Meta MMS Better than OpenAI Whisper? Not So Sure…
“Our scores are not comparable, but they are better.” — A very classic reasoning in AI evaluation
Meta AI released the Massively Multilingual Speech (MMS) project. MMS introduces speech-to-text and text-to-speech for more than 1,100 languages.
I believe it will have a significant impact on the development of language technologies for understudied/low-resource languages.
As usual, Meta makes many claims in this release. And as usual, verifying these claims is difficult since Meta rarely discloses the evaluation pipeline.

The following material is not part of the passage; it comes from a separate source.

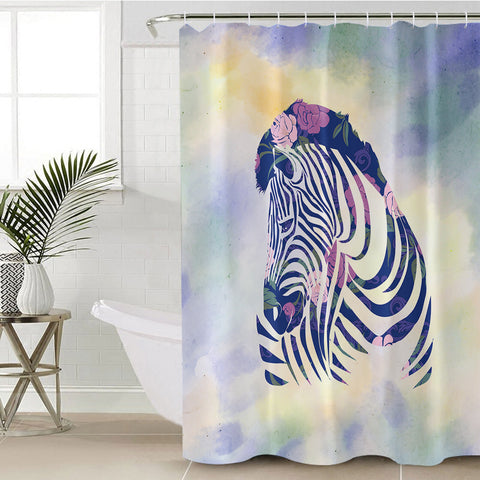 Image of Floral Pink&Purple Zebra SWYL3466 Shower Curtain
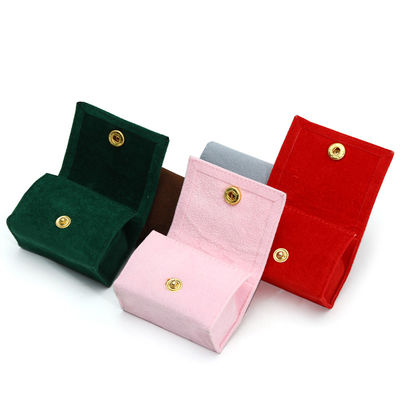 Caja de joyas de terciopelo de color dulce para almacenamiento personalizado de anillos collares y aretes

But sometimes it is so obviously wrong or misleading that we just have to read the paper to spot the errors.
It’s Better, Trust Me!
I could easily spot errors within 1 hour after Yann LeCun tweeted about this work:
The evaluation problem I found is a very common one: Scores are copied from various papers and all put together in the same table to draw conclusions.
Unfortunately, researchers almost always fail to correctly compare copied scores. I demonstrated it many times: Meta, Google, OpenAI, Amazon, etc. all did it. Sometimes it even leads to some chains of errors with scores and wrong conclusions copied from one paper to another (check my review of PaLM’s evaluation for instance).

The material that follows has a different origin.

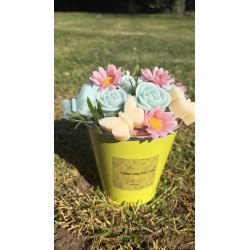 Personnalisation - Bouquet de fondants parfumés version boîte ronde et pot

In Meta’s MMS, Meta makes the same error here:
Can you see where is the problem?
Hint: It is acknowledged in the caption.
Whisper scores are not comparable.
Update v1: What follows is my wrong understanding of the paper! Meta doesn’t claim that MMS performs better than MLS here. Thanks to Michael Auli for kindly correcting me.
— — — — — — — — — — — — — Original version— — — — — — — — — — —
In the analysis, we can read:
“Whisper results are not strictly comparable due to the different normalization but [MMS] appears to perform better on MLS”
My error here is that “it” was not [MMS] but “Whisper”
You can interpret it like this:
MMS is the best
We get better scores
By the way, the scores are not comparable
But MMS is the best
Indeed, it doesn’t make sense.
— — — — — — — — — — — — Corrected version— — — — — — — — — — — —
In the analysis, we can read:
“Whisper results are not strictly comparable due to the different normalization but [Whisper] appears to perform better on MLS”
You can interpret it like this:
Whisper is better
Because the score is better
By the way, the score is not comparable
But Whisper is better
Indeed, it doesn’t make sense.
Note: They do write some words like “not strictly” and “appears”. I have no idea what is a “not strictly” comparable score. Can we compare the scores or not? The answer is no.
This is not the first time I see this. OpenAI did the same in the Whisper paper. Comparing scores that are not comparable, acknowledging it, but still claiming to be better because the scores are better. I complained about it here:
I only scanned quickly the MMS paper. There could be other errors like this. I’m especially skeptical that the other scores in this table (not with a *) are all comparable.
WER scores are usually computed on normalized texts. I don’t know how Meta can have the guarantee here that all the scores were computed with the same normalization.
Google doesn’t publish code or details.
The VoxPopuli work published an evaluation pipeline that lowercases everything and keeps only ASCII characters in addition to some punctuation processing of the references.
Did they all do the same thing? I doubt it.